Exercise aim –
From the line containing "this 1200×800 image." through the last line of the entries, output the text exactly. Pictures stay out.

Items from a dataset:
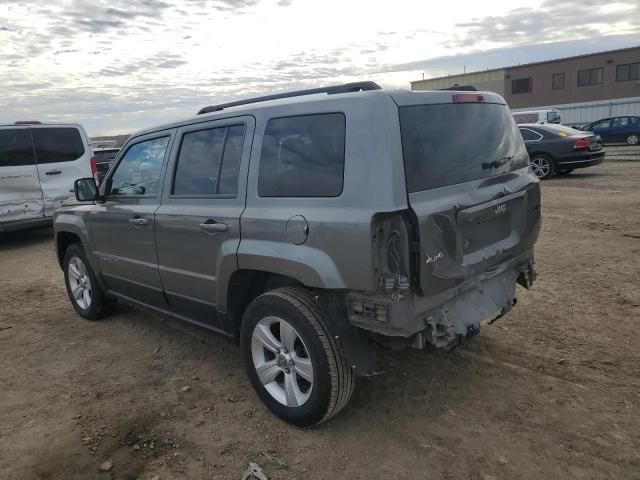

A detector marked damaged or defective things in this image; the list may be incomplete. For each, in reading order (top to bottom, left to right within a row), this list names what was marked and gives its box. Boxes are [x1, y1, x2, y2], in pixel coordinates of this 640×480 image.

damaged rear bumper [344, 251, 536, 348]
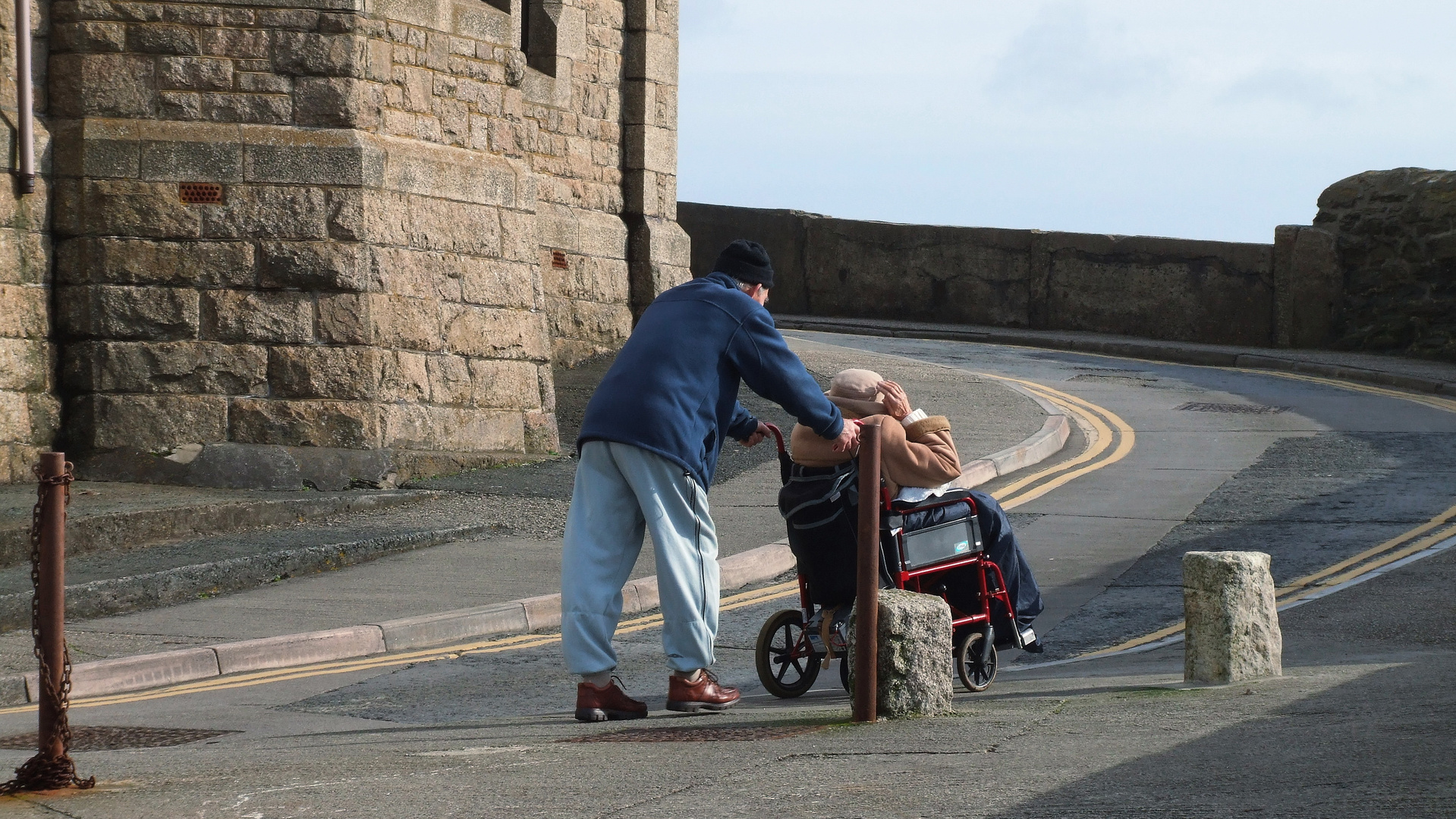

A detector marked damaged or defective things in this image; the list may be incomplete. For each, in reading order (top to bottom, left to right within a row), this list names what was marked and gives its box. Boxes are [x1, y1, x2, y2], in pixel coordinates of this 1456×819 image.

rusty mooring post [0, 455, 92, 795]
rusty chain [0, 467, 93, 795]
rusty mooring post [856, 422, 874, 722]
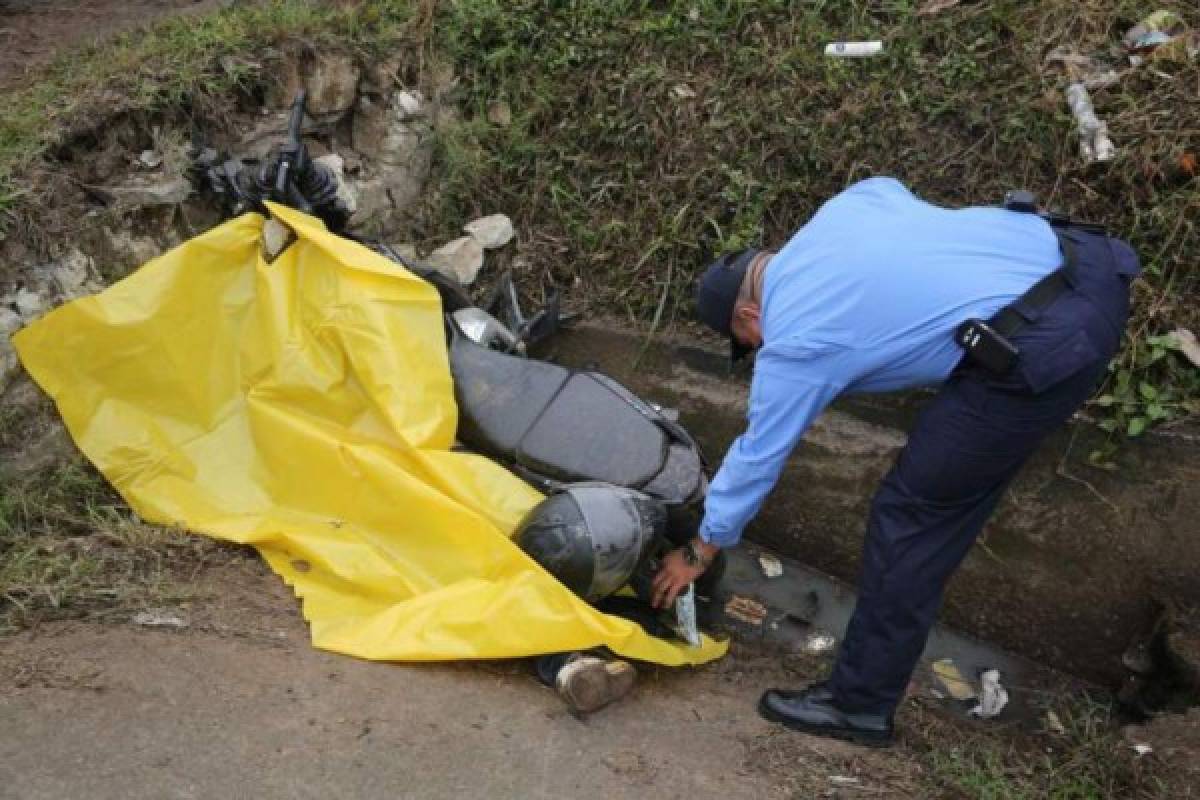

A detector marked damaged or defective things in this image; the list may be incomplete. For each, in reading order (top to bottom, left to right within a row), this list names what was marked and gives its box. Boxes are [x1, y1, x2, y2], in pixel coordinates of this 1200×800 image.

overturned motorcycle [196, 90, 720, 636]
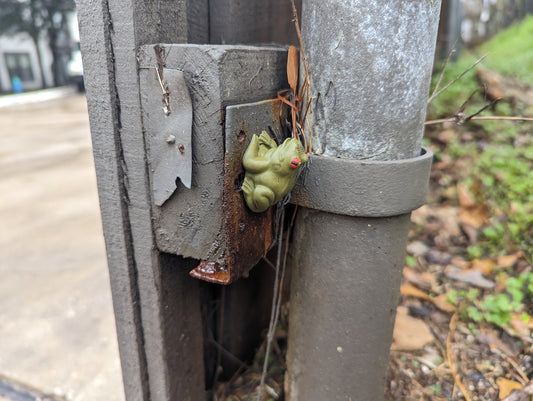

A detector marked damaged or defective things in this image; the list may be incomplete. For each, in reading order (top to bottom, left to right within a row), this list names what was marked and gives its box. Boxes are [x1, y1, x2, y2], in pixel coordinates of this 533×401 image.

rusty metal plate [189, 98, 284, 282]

Expected answer –
A detector marked damaged or defective things in this image; the list may be incomplete. For each, in reading order (top to bottom, left to right within a row), this list names what was marked and gives its box. Boxes are [x1, y1, x2, y2], in pixel coordinates of this 1200×800 image.

overturned motorcycle [196, 90, 720, 636]

A detector marked damaged or defective things in this image; the list may be incomplete. For each, in reading order (top to bottom, left to right within a row), this list names what was marked and gives its box. Boxes are [x1, y1, x2, y2], in pixel coordinates of this 533×401 image.

rusty metal plate [189, 98, 284, 282]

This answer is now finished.